City’s new bikie threats
Notorious gangs Comancheros and Satudarah establish Coast footholds
TWO brutal bikie gangs with reputations for violence and heavy involvement in the drug trade have established chapters on or near the Gold Coast.
Crime fighters are aware of the Dutch-based Satudarah and Comancheros mobilising in southeast Queensland after the Crime and Corruption Commission late last year launched investigative and intelligence hearings.
The CCC’s newly released annual report said two of the most prominent of the new gangs in the region were the Satudarah and Comancheros.

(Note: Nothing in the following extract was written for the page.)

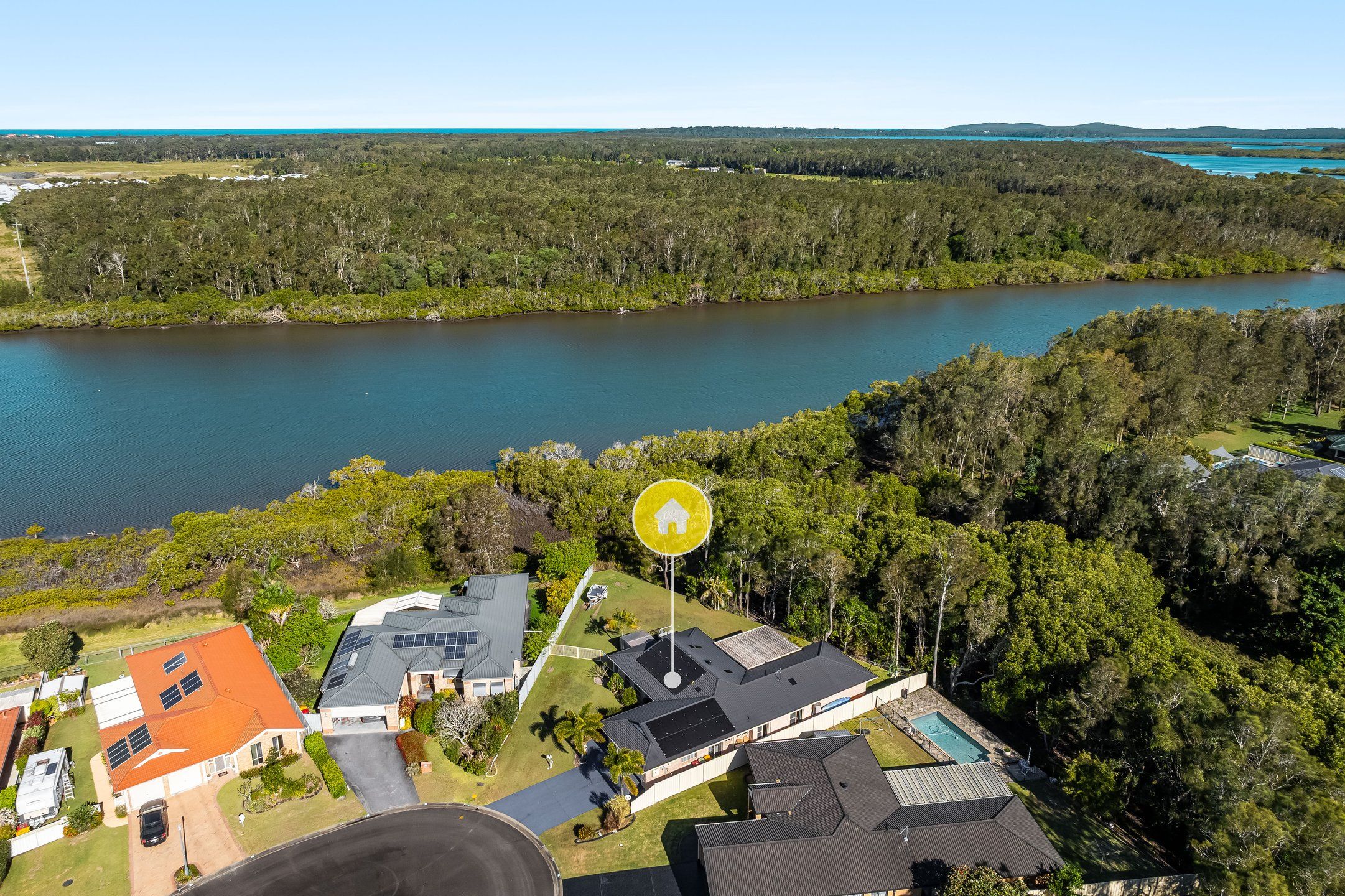 7 Kallatina Place — photo 10 of 17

“Hearings under these new operations have predominantly focused on the establishment of the two new clubs in sout-heast Queensland, recruitment practices, violence and members’ drug trafficking activities,” the report said.
In February, it was reported the Satudarah’s Indonesianbased leader – who controls all the chapters in South-East Asia, Australia and the United States – was detained at Gold Coast Airport for five hours after arriving to meet his “brothers”. Satudarah has a multicultural base with Australian members including indigenous locals and Kiwis of Maori descent.
The gang had its Sydney base shut after a raid by police in January but began reestablishing other chapters.
The ex-head of bikiebusting Taskforce Maxima police squad last year revealed
“concern” about the notorious Comancheros trying to set up a Coast base.
A Bulletin report in June last year flagged Comanchero gangsters reportedly returned to the Glitter Strip for the first time in two decades in June last year.
Senior police confirmed five Comancheros, with headquarters in NSW, were spotted walking through Burleigh Heads in full gang colours.
Two months ago, Liam Scorsese, an associate of the Comancheros gang, was sentenced to three months jail when pleading guilty after a sickening, unprovoked attack on a bus driver in Surfers Paradise in broad daylight.
There are also growing concerns the CCC, despite tracking the gangs, does not have the budget to launch an offensive against the bikies.
The CCC annual report revealed the percentage of targeted criminal gangs “disrupted” by investigations had decreased by 15 per cent.
“Hearings to date have established clear links between outlaw motorcycle gang violence and the drug trade. Incidents explored so far have revolved around drug debts, drug robberies and deals which have soured,” the report said.
A bikie source said the Comancheros never sustained a decline in ranks while Satudarah was mainly Sydney-based.
“They (Satudarah) are very active, violent and full on. They’re involved in drugs, stand-over, they are very powerful in Sydney.”